熱く、浅い接触。だが、それだけで体が一瞬硬直する。
ナイジェルの手が腰に回る。
軽く引き寄せられたかと思えば、体がそっと押しつけられる。
布越しに伝わる熱と硬さ。
逃げられない。
いや、逃げたくない――そう思ってしまった自分に、ひどく戸惑っていた。
「ほんと、この顔で動けなくなるんですね」
「……調子に乗るな。

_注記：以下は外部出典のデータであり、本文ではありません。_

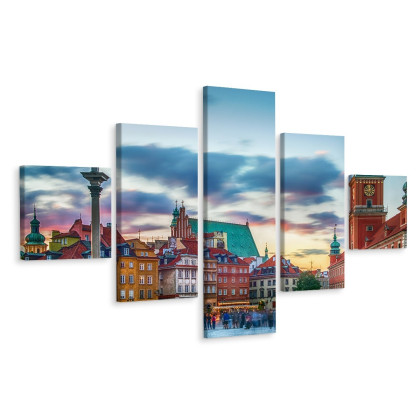 Obraz Wieloczęściowy Panorama Zamku Królewskiego W Warszawie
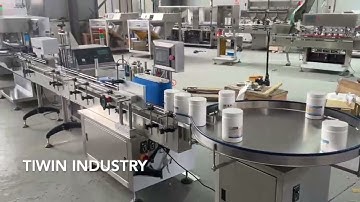 Capsule Counting Machine for Jar / Automatic Counting and capping production line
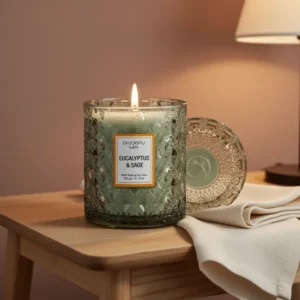Chloefu LAN Eucalyptus & Sage Scented Candles, 8.1 oz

殺すぞ」
その声には、わずかな震えが混じっていた。
ナイジェルはその反応に満足げな笑みを浮かべ、そっと顔を寄せる。
首筋に熱い吐息がかかる──と思った瞬間、舌先が肌に触れた。
べろりと舐めあげられる。
火傷しそうに熱く、濡れたものが肌に這う。
じわじわとした湿気と熱が、皮膚の奥にまで染み込んでくる。
「……っ、あ……♡」
舌で首筋をなぞられるたびに、ぞくぞくと背筋が粟立つ。
次の瞬間、ナイジェルがその柔らかな箇所に、小さく、だが確かに、噛みついた。
「……っ!」
その刺激に、声にならない息が喉から漏れる。
ナイジェルはそのまま耳元で囁いた。
「ほら、やっぱり俺の顔じゃ、抗えないでしょ」
一瞬の沈黙。
「……やばいな、あんた。可愛くて……はまりそう」
その声は、ふざけた調子の裏に、何かが滲んでいる気がした。